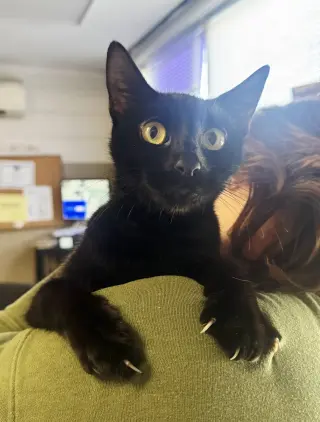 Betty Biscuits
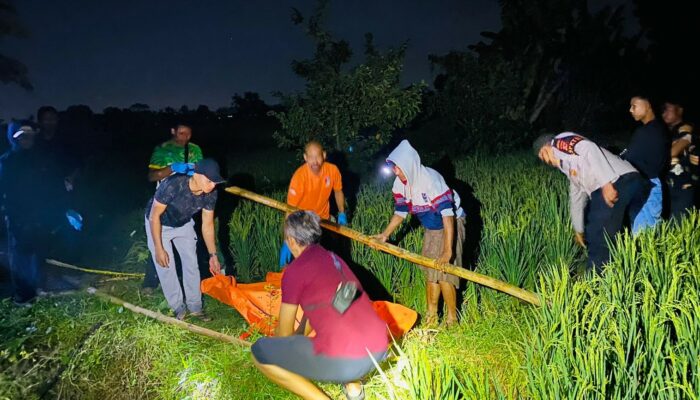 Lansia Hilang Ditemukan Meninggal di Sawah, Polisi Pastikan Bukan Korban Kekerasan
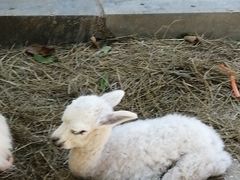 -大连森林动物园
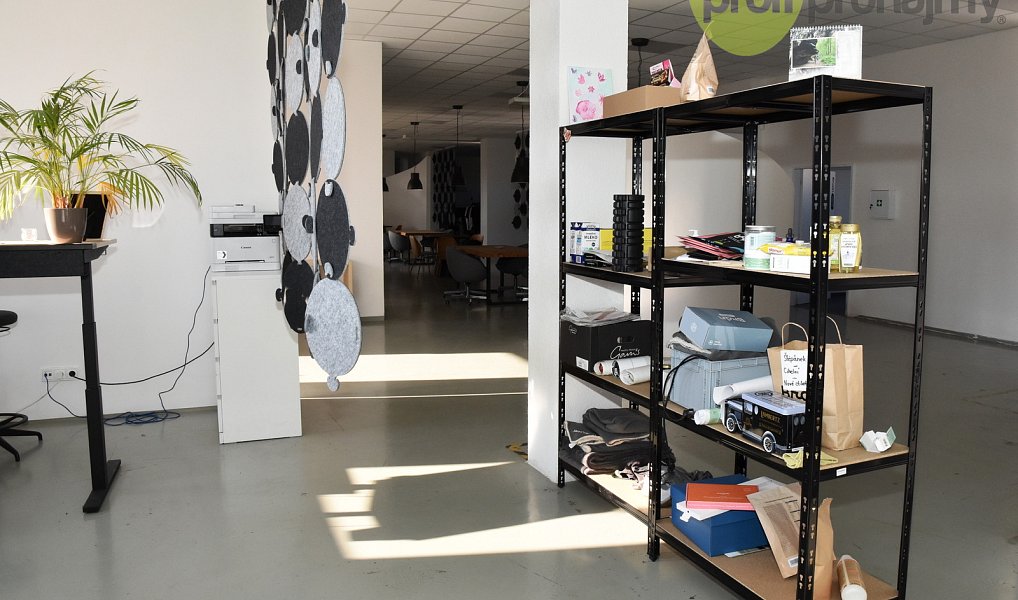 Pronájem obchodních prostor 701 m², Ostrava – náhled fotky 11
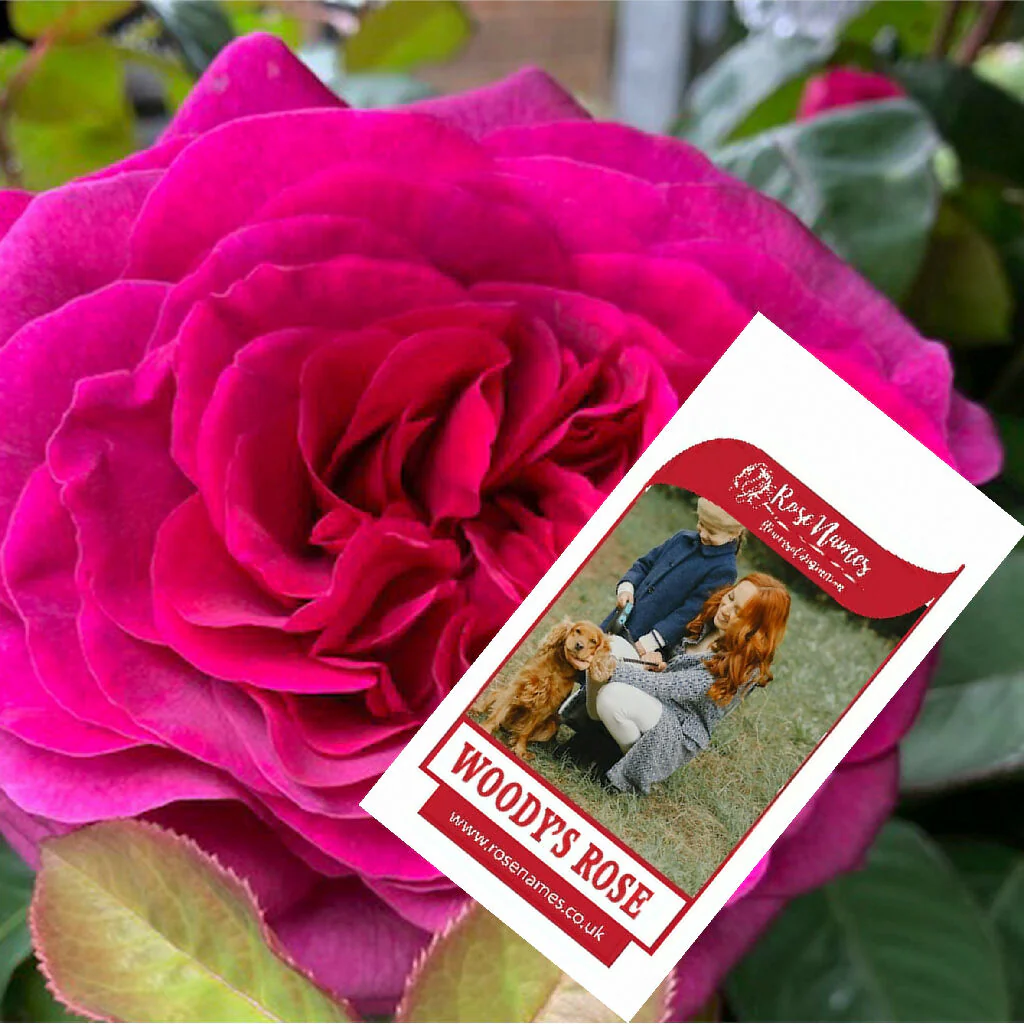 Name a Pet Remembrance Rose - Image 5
================================
Exercise objective => The copy should hold exactly the lines from the one containing "Lansia Hilang Ditemukan" through the final line of the records above, both ends included, and no picture.

Task result =>
 Lansia Hilang Ditemukan Meninggal di Sawah, Polisi Pastikan Bukan Korban Kekerasan
 -大连森林动物园
 Pronájem obchodních prostor 701 m², Ostrava – náhled fotky 11
 Name a Pet Remembrance Rose - Image 5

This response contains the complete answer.